(Beginning of Provided records)

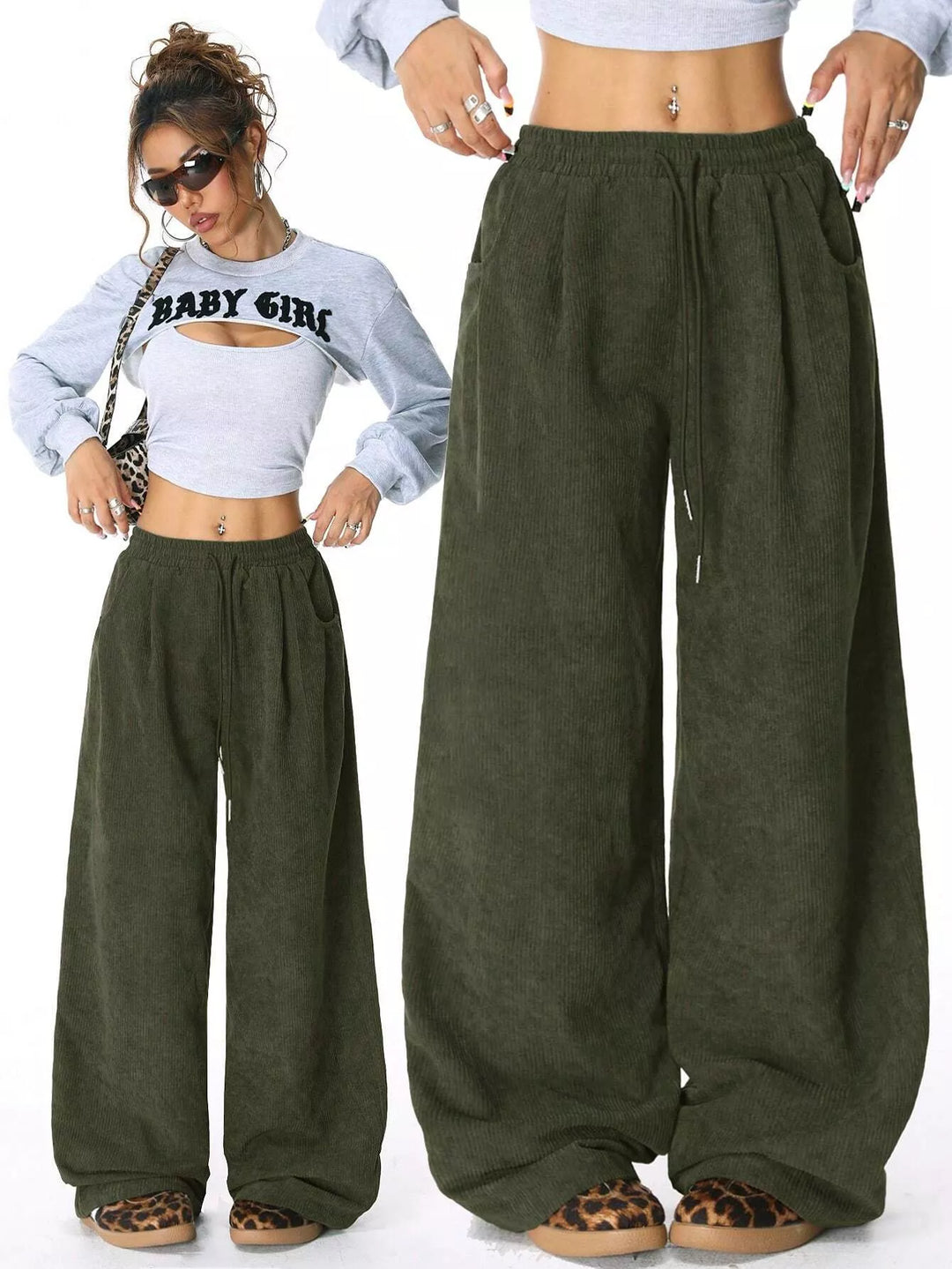 Olive wide leg drawstring pants shown in two views side by side
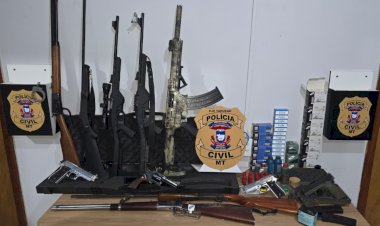 Polícia Civil apreende arsenal com 11 armas e mais de 2 mil munições em Itanhangá (MT)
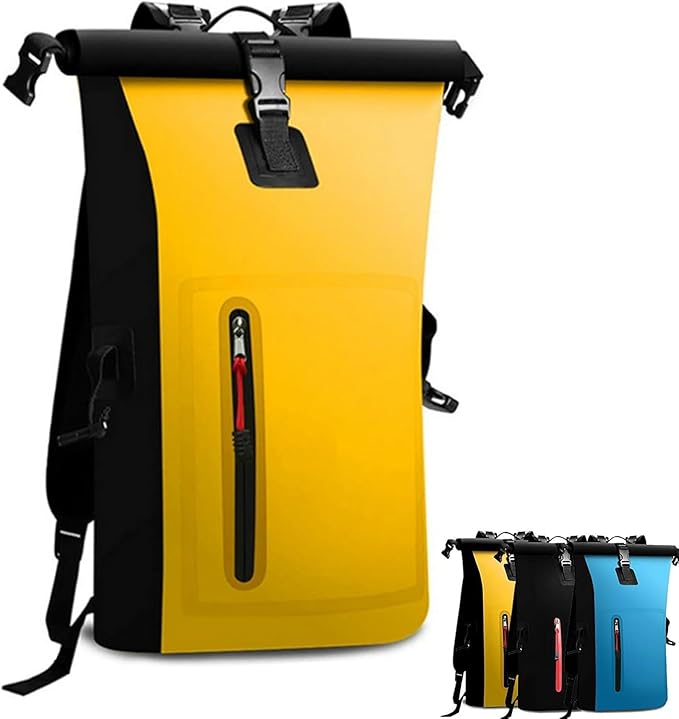 Dry Bags Waterproof Backpack for Women Men 25L Roll Top Floating Bag for Kayaking Hiking Fishing Camping Beach (Yellow)
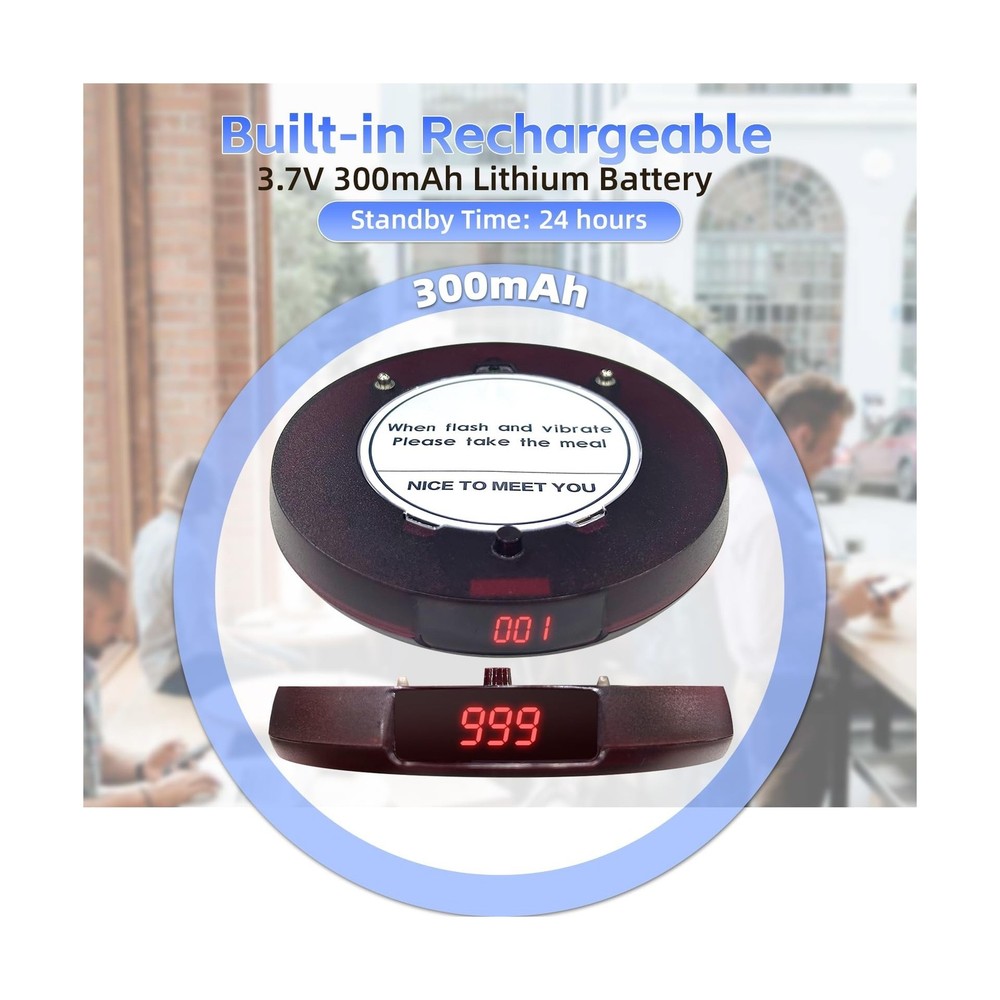 Pagers for Restaurants, 24 Coaster Beeper Restaurant Buzzer System with Beeps...
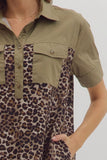 Leopard Front Pocket Button Dress | Olive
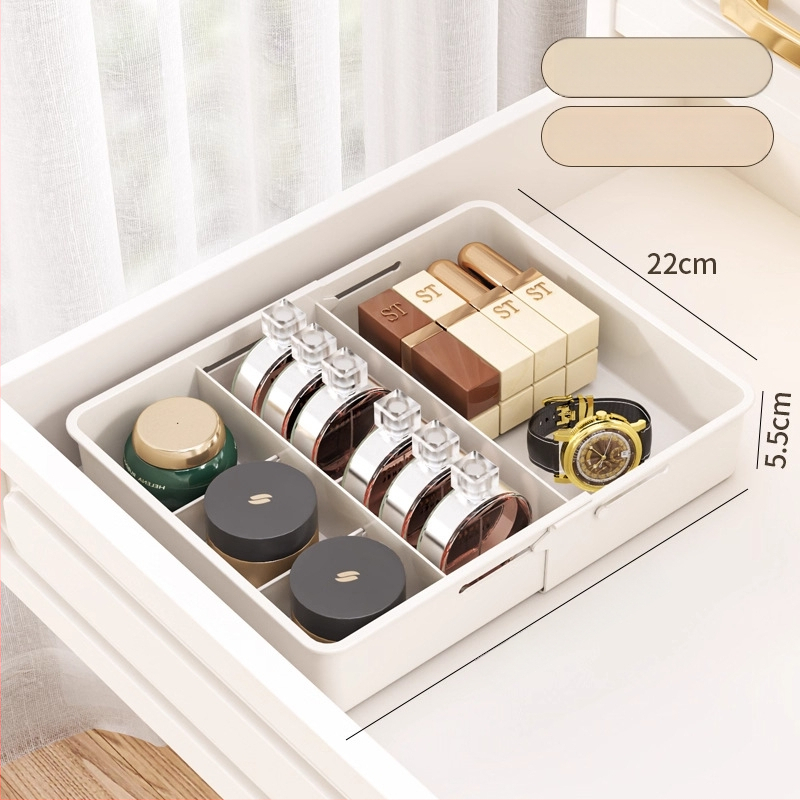 Laiendatav sahtli organiseerija karp jaotustükkidega, PP materjal, ilma kaaneta, eraldi jagaja kaasas, 1 L maht, sobib köögile, lauale, meigilauale ja sügavatele kappidele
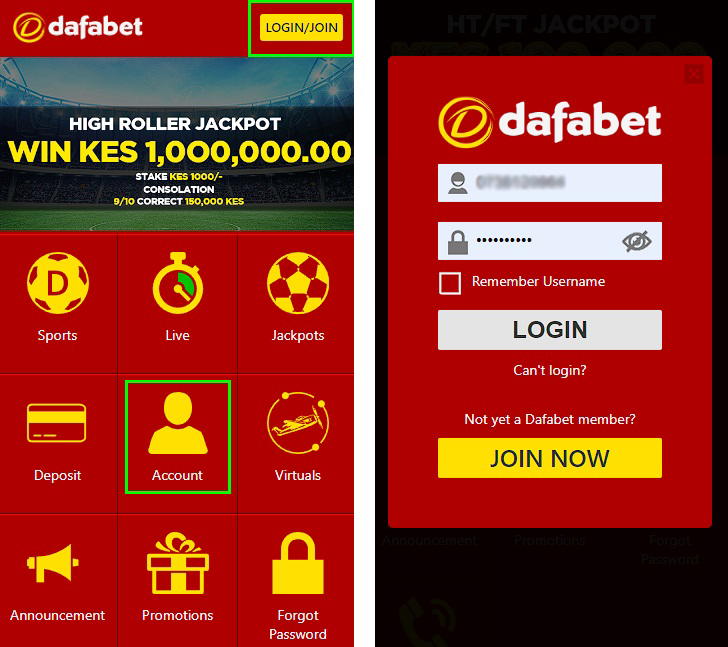 Dafabet login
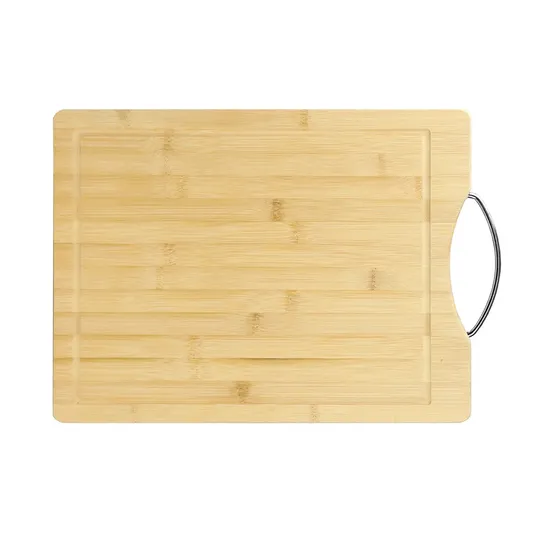 Tabla de cortar de bambú premium con mango de acero inoxidable duradero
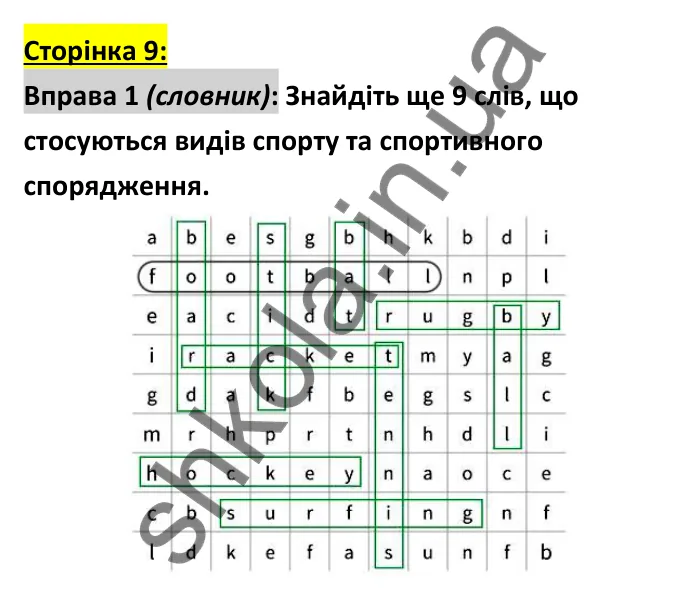 Відповідь до вправи 1 (словник), сторінка 9 - ГДЗ Робочий зошит Англійська мова 6 клас Коста (Куки) 2023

(End of Provided records)

## Goal of the exercise
All entries above are to be set down word for word, and the pictures are to be left out.

## Answer to this exercise
 Olive wide leg drawstring pants shown in two views side by side
 Polícia Civil apreende arsenal com 11 armas e mais de 2 mil munições em Itanhangá (MT)
 Dry Bags Waterproof Backpack for Women Men 25L Roll Top Floating Bag for Kayaking Hiking Fishing Camping Beach (Yellow)
 Pagers for Restaurants, 24 Coaster Beeper Restaurant Buzzer System with Beeps...
 Leopard Front Pocket Button Dress | Olive
 Laiendatav sahtli organiseerija karp jaotustükkidega, PP materjal, ilma kaaneta, eraldi jagaja kaasas, 1 L maht, sobib köögile, lauale, meigilauale ja sügavatele kappidele
 Dafabet login
 Tabla de cortar de bambú premium con mango de acero inoxidable duradero
 Відповідь до вправи 1 (словник), сторінка 9 - ГДЗ Робочий зошит Англійська мова 6 клас Коста (Куки) 2023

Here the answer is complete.